The Constitution of a nation is the document which draws the line between order and anarchy, it is the supreme law of the land. Without a well drafted constitution which represents the political, social, geographical and economic needs of a nation and contains provisions to satisfy these needs and binds the population into one, a country would fall into chaos and mayhem.

India is the world’s largest republic and houses one on the most culturally and religiously populations on the face of earth. A piece of paper written at one point of time would not be sufficient for the evolving and dynamic population, which the lawmakers of our constitution realized and hence included the provisions which would enable the future generations to amend the constitution according to the needs of the society. An act which was considered immoral or unlawful in the 20th century, might not be regarded as a similar offence in the 21st century. The constitutions which have scope for amendments are referred to as ‘Flexible Constitution’, the most ideal example being the Unwritten Constitution of the UK, where the parliament has the absolute authority. Contrary to the UK, some nations have a ‘Rigid Constitution’, where amending the constitution is a laborious task and the legislative body has limited authority.

While drafting our Constitution, an ideal solution was sought, and as a result the Indian Constitution is rigid as well as flexible. It is not as flexible as to allow the misuse of the provisions of amendment, and it is not as rigid as to prevent the legislation from formulating laws which would suit the needs of the society. For this, Article 368 was added to the constitution which facilitates the amendments and reads “Notwithstanding anything in this Constitution, Parliament may in exercise of its constituent power amend by way of addition, variation or repeal any provision of this Constitution”.[1] The parliament can add any provision, make changes to any existing provision, or repeal a provision entirely from the constitution if that works for the benefit of the society. The Parliament is considered to be a representation of the citizen’s will, and acts of Parliaments are deemed to be as per the will of the majority of citizens of the country and hence in their best interests.

Article 368 provides for three procedures to amend the constitution, all three of which apply to different provisions as per their importance and effect they could bring if amended imprudently.

Procedure of Amendment

Amending the constitution requires a bill to be introduced in either house of the parliament, which after being passed by both houses requires the assent from the President. Article 368 defines three different types of majorities by which the amendment bills need to be passed with respect to the different provisions they seek to amend.

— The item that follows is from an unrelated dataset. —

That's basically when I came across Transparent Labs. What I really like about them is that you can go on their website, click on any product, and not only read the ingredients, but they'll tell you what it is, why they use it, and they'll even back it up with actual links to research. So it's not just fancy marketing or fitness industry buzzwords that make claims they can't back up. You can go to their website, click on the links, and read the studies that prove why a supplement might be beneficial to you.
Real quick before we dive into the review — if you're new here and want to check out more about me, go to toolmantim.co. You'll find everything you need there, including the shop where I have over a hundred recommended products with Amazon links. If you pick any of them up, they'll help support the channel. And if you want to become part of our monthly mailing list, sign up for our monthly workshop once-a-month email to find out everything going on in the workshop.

Amendment by Simple Majority– Certain articles require a simple majority from both houses of parliament from the total members present and voting, similar to the majority required to pass an ordinary law.

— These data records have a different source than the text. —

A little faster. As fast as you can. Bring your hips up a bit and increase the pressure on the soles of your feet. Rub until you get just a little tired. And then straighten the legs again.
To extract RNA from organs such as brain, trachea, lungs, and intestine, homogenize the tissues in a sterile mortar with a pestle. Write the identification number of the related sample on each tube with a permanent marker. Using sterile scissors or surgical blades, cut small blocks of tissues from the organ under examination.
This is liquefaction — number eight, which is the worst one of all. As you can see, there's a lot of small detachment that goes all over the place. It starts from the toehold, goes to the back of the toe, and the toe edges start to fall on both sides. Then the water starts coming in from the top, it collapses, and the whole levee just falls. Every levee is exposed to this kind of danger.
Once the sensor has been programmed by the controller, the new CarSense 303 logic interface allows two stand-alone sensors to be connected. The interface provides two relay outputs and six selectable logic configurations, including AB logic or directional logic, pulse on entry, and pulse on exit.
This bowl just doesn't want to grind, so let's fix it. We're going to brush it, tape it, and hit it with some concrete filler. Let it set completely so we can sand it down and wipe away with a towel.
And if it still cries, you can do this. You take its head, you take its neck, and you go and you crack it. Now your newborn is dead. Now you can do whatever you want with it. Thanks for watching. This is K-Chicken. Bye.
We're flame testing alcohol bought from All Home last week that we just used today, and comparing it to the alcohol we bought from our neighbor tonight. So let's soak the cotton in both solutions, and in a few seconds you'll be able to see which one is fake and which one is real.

Amendment by Special Majority- The provisions which are cannot be amended by a simple majority, require the amendment bill to be passed in the Parliament by a special majority which is prescribed in article 368(2)[2] of the Constitution. This implies that the bill must be passed by a majority of the total membership of the house, and not less than two thirds of the members present and voting.

Amendment by Ratification by State- Article 368(2) contains a list of the provisions whose amendment bills in addition to being passed by a special majority, also require to be ratified by not less than one-half of the state legislatures. These are the articles which deal with the powers or the representation of the states, and hence require a ratification by the states and cannot be left to the sole discretion of the central government. These provisions include;

  • Article 73, Article 162, Article 54, Article 55 and Article 241
  • Chapter IV of Part V, Chapter V of Part VI, or Chapter I of Part XI
  • Lists in the 7th Schedule

The judiciary has been given the power to review the amendments made by the Parliament, and time and again it has been observed in landmark judgements that judicial review stands in the way of arbitrary amendments and safeguards the rights of the citizens of India.

In the case of Shankari Prasad v. Union of India[3], the question was raised whether the Fundamental Rights under Part III of the constitution could be amended under article 368. The judges stated that Fundamental Rights could be amended under the powers of the Parliament, rationale which was later overruled in the case of LC Golaknath v State of Punjab[4] where it was held that the Parliament had no power to amend the provisions of Part III.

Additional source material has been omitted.